Action item
The copy should hold exactly the lines below from the one that contains "Cooler Box 8lt Blue" through the one that contains "Líder do Brasileirão, São" and nothing else, so no pictures.

Records to use
--- START ---

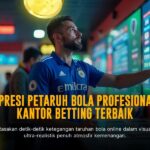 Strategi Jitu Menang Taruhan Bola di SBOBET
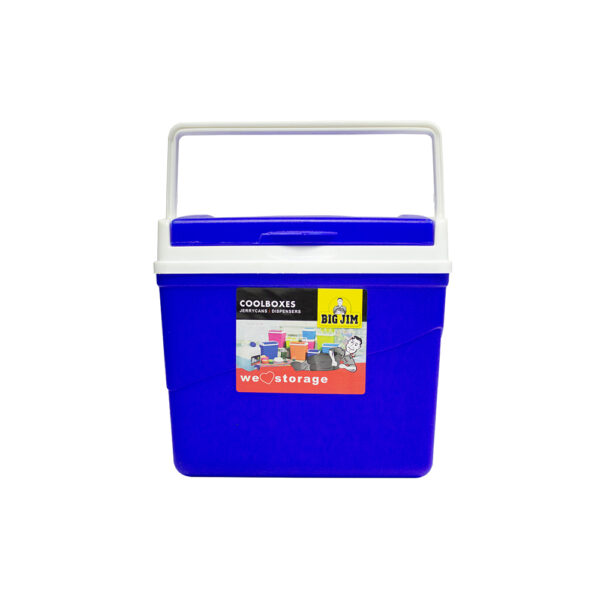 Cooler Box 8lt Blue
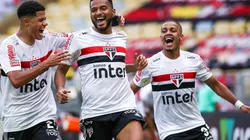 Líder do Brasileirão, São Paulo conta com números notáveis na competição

--- END ---
--- START ---

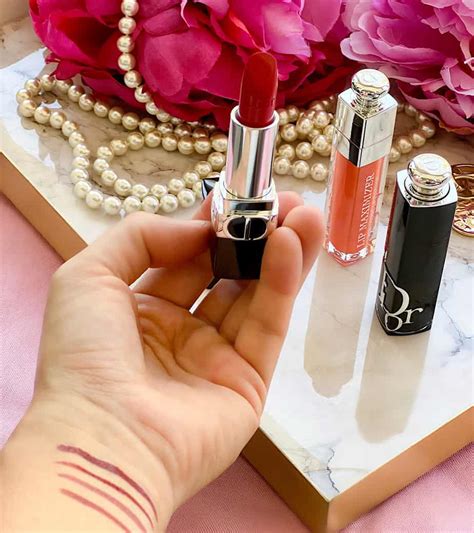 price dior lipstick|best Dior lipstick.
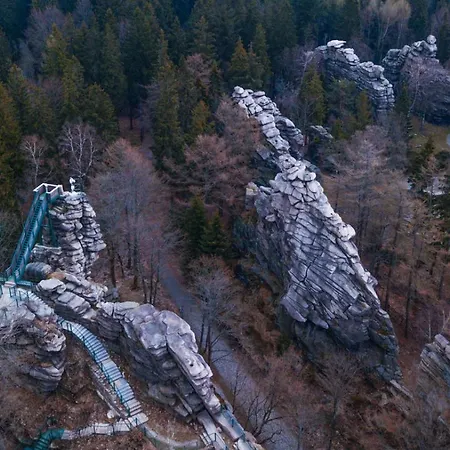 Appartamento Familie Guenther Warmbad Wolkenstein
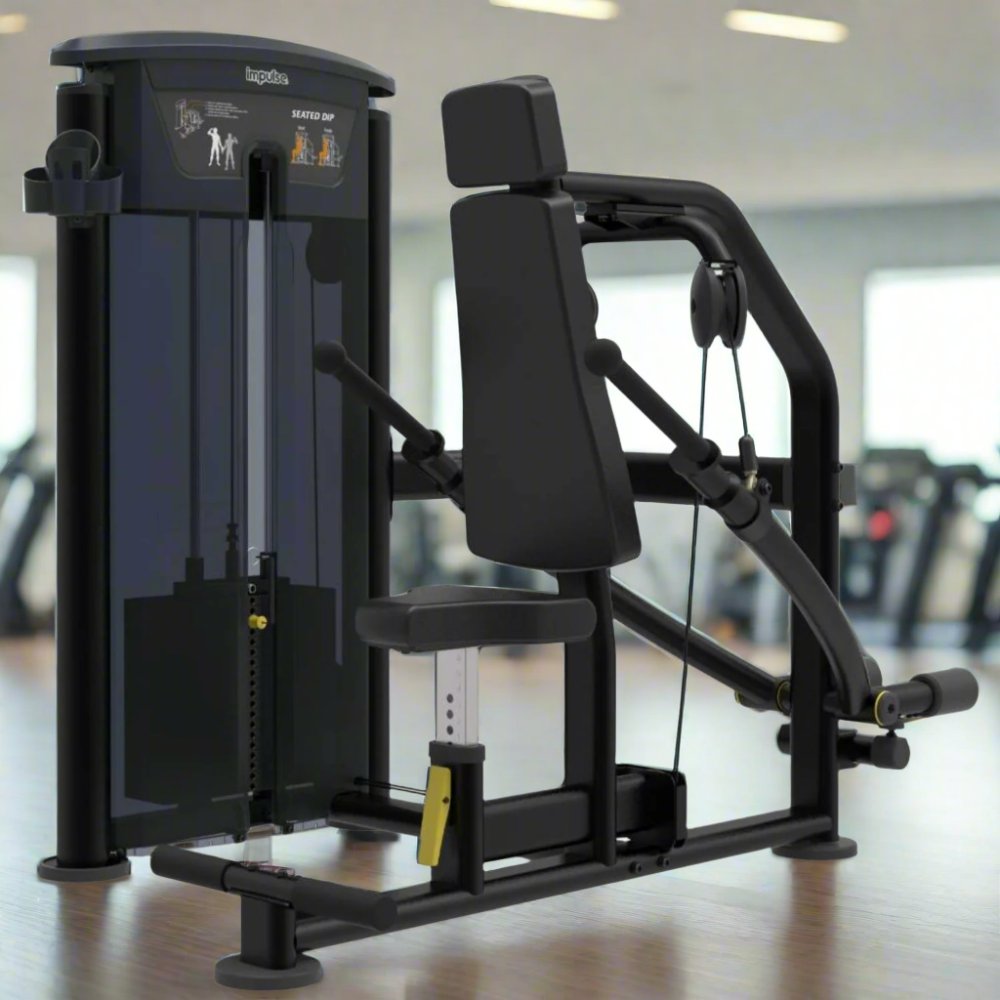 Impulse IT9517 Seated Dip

--- END ---
--- START ---

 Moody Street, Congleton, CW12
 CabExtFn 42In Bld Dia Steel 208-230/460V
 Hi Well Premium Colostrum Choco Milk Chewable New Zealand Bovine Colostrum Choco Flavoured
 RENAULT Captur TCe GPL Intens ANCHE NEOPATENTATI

--- END ---

Answer below
 Cooler Box 8lt Blue
 Líder do Brasileirão, São Paulo conta com números notáveis na competição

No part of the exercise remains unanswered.